Ultrasonic Flow Transmitters Eliminate the Need for Calibration
Clark Solutions has introduced the CSLFC Liquid Ultrasonic Flow Transmitter. These transmitters are designed for measuring flow rates of acoustically conductive liquids, including most clean liquids and many liquids with bubbles and/or entrained solids. CSLFC Ultrasonic Flow Transmitters are engineered for flows up to 4000 GPM in four- to 10-inch pipe, feature no moving parts, excellent long-term stability, no pressure drop, broad fluid compatibility and high accuracy (± 0.75% of full scale) at a lower cost than similar instruments.
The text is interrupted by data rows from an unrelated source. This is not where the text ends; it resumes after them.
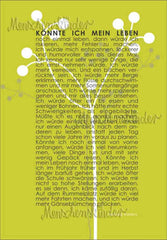 Klappkarte - Könnte ich mein Leben noch einmal leben… von Joanna Morani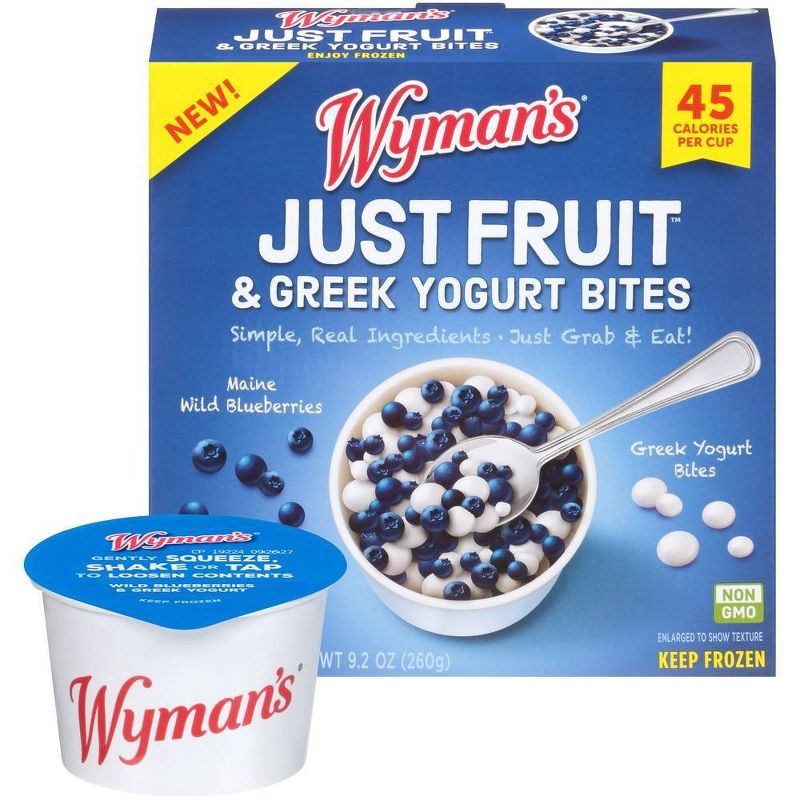 Wyman's Just Fruit Wild Blueberries and Greek Yogurt Bites - 4ct/9.2oz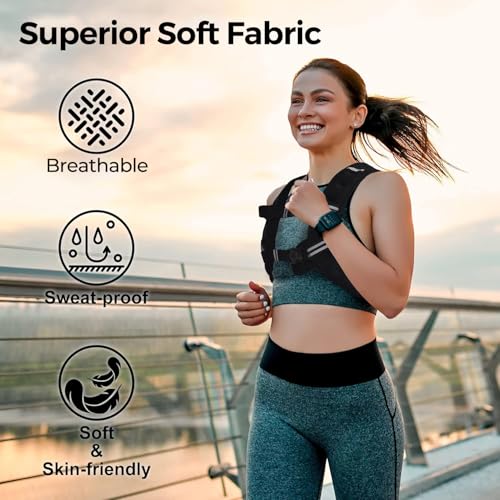 Image of PACEARTH Weighted Vest,6lb /8lb /10lb /12lb /16lb /20lb /25lb /30lb Weight Vest with Reflective Stripe, Body Weight Vests for Women, Men, Weight Loss Workout, Strength Training, Running, Walking, Jogging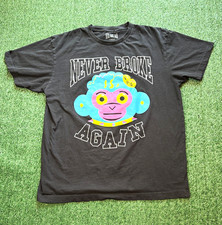 Never Broke Again Men's Black Monkey Graphic T-Shirt, Size Large (NBA YOUNGBOY) picture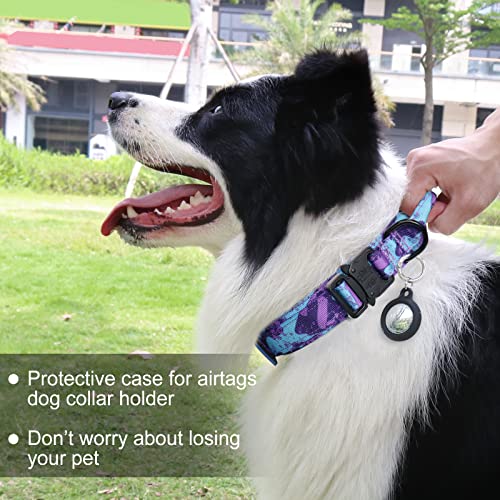 Hotsky Tactical Dog Collar Adjustable Military Training Nylon Dog Collar  with Handle and Heavy Duty Metal Bu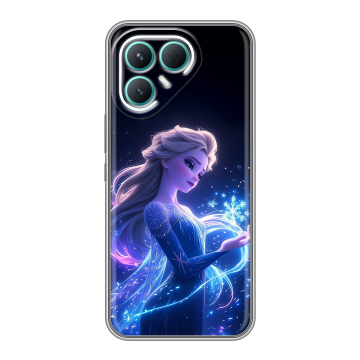 Силиконовый чехол на Tecno Pova 7 Pro 5G с принтом Холодное сердце Frozen Силиконовый чехол на Tecno Pova 7 Pro 5G с принтом Холодное сердце Frozen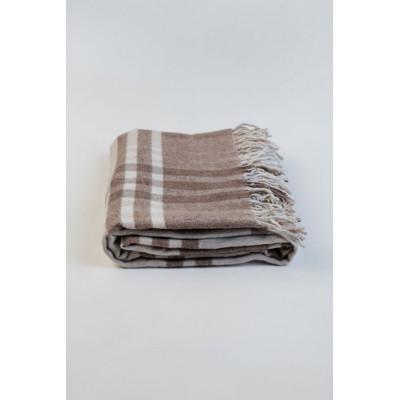 Плед Wool Mix клітинка Бежевий 140x200 см - фото 1 Плед Wool Mix клітинка Бежевий 140x200 см - фото 1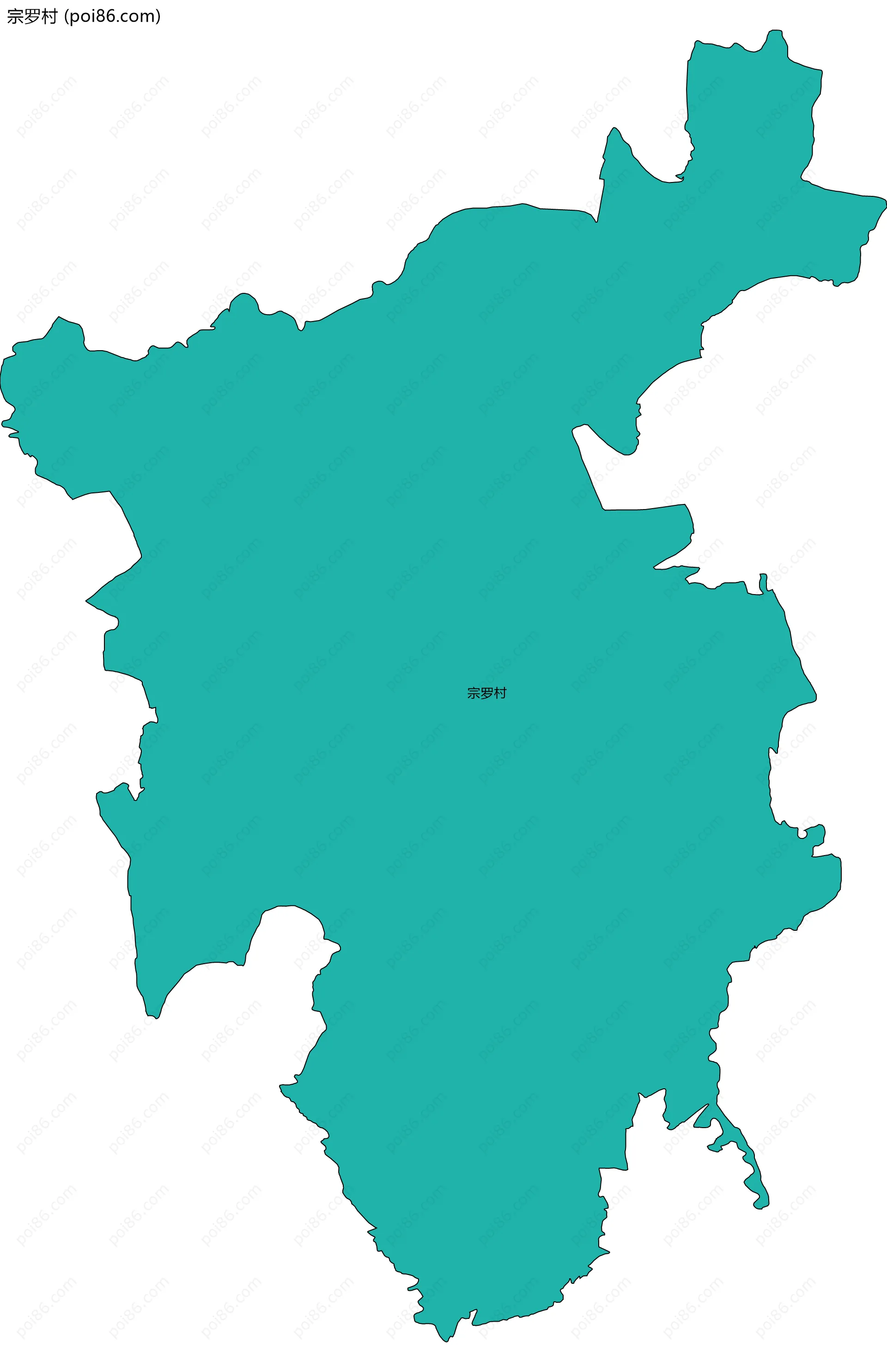 宗罗村边界地图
Wetted materials include ULTEM encapsulated ultrasonic transducers with a choice of EPDM, Buna-N, Neoprene, FKM or other seals and epoxy coated, Schedule 40 carbon steel pipe body material.
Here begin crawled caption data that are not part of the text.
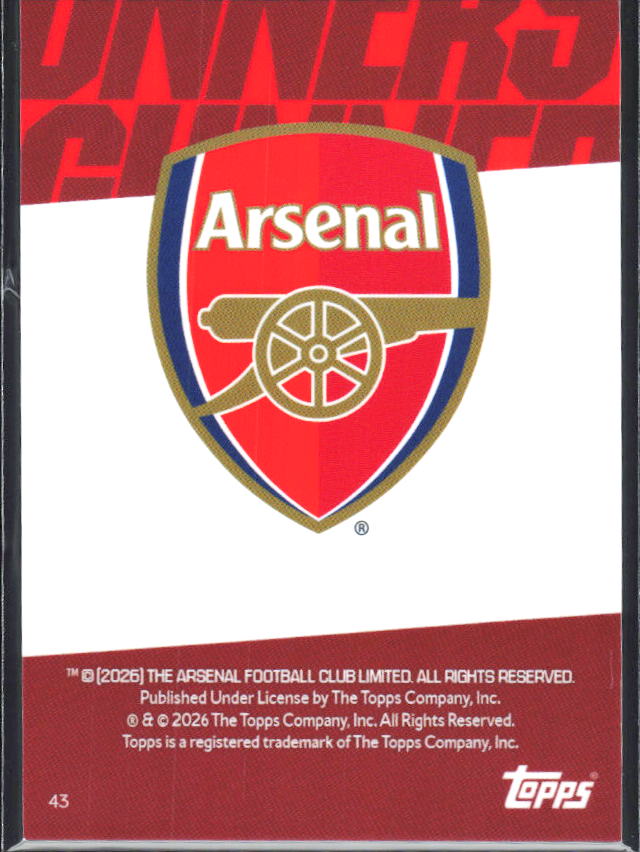 Santi Cazorla 2025-26 Chrome Arsenal #43 – baksida
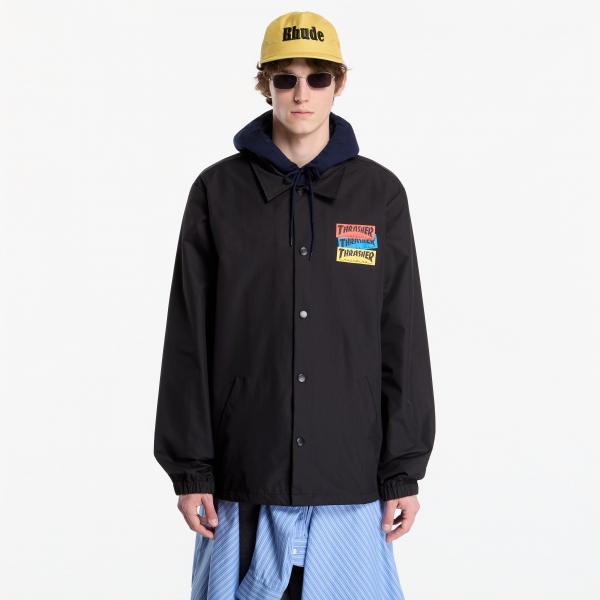 Bunda Thrasher Sticker Coach Jacket Black S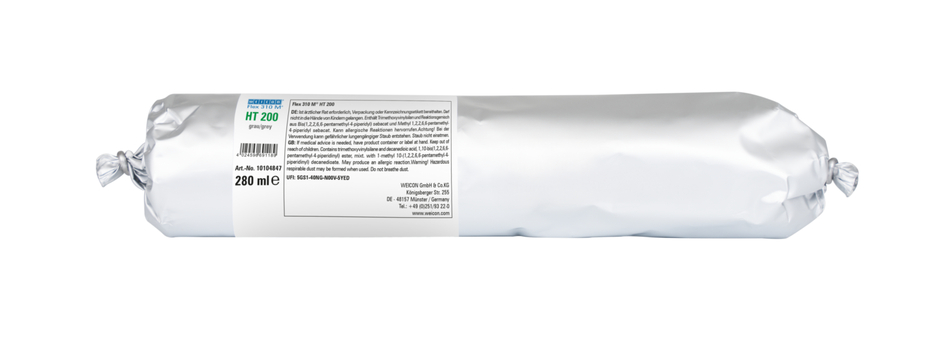 Flex 310 M® HT 200 MS-polimer | Klej i uszczelniacz o wysokiej przyczepności początkowej - idealny do malowania proszkowego i odporny na temperaturę do 200 °C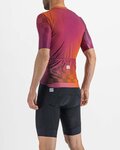 SPORTFUL Cycling short sleeve jersey - ROCKET - orange/bordeaux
There is no element in the fluid stream to add pressure loss, no moving parts and no hysteresis. The output of the transmitter is unaffected by changes in fluid temperature, density and viscosity as the flow calculation is independent of the speed of sound.
At the heart of the transmitter is a proprietary mixed signal ASIC, which allows sophisticated timing, control and transducer drive circuitry to be combined on a single integrated circuit. The ASIC uses a special algorithm that is an improvement upon the standard single-path measurement technique. Using the "sing around" method, the ultrasonic transducer alternates between transmitting and receiving to measure differences in flight time between upstream and downstream transmissions. A sound pulse is transmitted from an upstream transducer towards a downstream transducer, like a traditional time-of-flight measurement. However, the received sound pulse then triggers a second downstream transmission that then triggers a third, and so on, for a specific number of cycles. This process is repeated in the upstream direction. Because it takes an average flight time over multiple cycles to compute the difference in flight times, this approach yields a significant improvement in timing accuracy when compared with the time-of-flight difference of a single sound pulse in each direction. This algorithm, combined with the pico-second timing resolution of the ASIC, provides the precise time measurement capability necessary for compact, small diameter, ultrasonic meters. The output of the transmitter is unaffected by changes in fluid temperature, density and viscosity, as the flow calculation is independent of the speed of sound.